The supportive housing model has not only proven successful in stabilizing individuals and families in permanent housing, but is also undeniably beneficial for surrounding neighborhoods. A study conducted by the NYU Furman Center for Real Estate and Urban Policy Policy analyzed supportive housing residences built in New York City between 1985 and 2003 and found that property values around supportive housing developments increased over time.

Unfortunately the current supportive housing agreement between the City and the State – New York/New York III – ends next year, and there are not nearly enough units available to meet the record demand. More than 20,000 households per year are found eligible for supportive housing, but there’s only one housing unit available for every six eligible applicants.

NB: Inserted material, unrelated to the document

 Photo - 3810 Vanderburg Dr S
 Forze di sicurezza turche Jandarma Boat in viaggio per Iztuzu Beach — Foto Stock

A new agreement is urgently needed. As Mary Brosnahan, President & CEO of the Coalition for the Homeless, stated:

“We’ve come together to urge Governor Cuomo and Mayor de Blasio to make ending homelessness among the most vulnerable a top priority. In the richest city in the world, literally thousands of New Yorkers with disabilities and special needs will go to sleep tonight without a home. And the biggest tragedy is that we know what works. The housing with support services from past City-State New York/New York Agreements have been the most effective tool to reducing chronic homelessness for our most marginalized neighbors. Supportive housing gives them a home – and, perhaps most importantly, keeps them housed, long-term. People who live in New York/New York housing have significantly improved health and housing outcomes and it saves taxpayers millions. But the need for this housing has never been greater: We have just one housing unit for every six applicants in dire need. That’s why it’s imperative that the Governor and Mayor enact a new agreement – NY/NY IV – to create 30,000 units of supportive housing over the next decade.”

Ted Houghton, Executive Director of Supportive Housing Network of New York, emphasized the need for a new supportive housing agreement in an interview for Capital New York after the rally:

“Supportive housing is the most successful social intervention of the last quarter century,”[ …]“It really not only improves people’s lives, it strengthens communities and it saves taxpayers money. Despite all the success, we now have a situation where the development pipeline—our ability to build new units of supportive housing, to help the 53,000 people who are homeless every night in New York City, people who are institutionalized, people who are just high-cost users of the health system—our ability to build more units for those vulnerable populations is in jeopardy because we need a new city-state agreement to create a target for how many more units we’re going to build and how we’re going to pay for it.”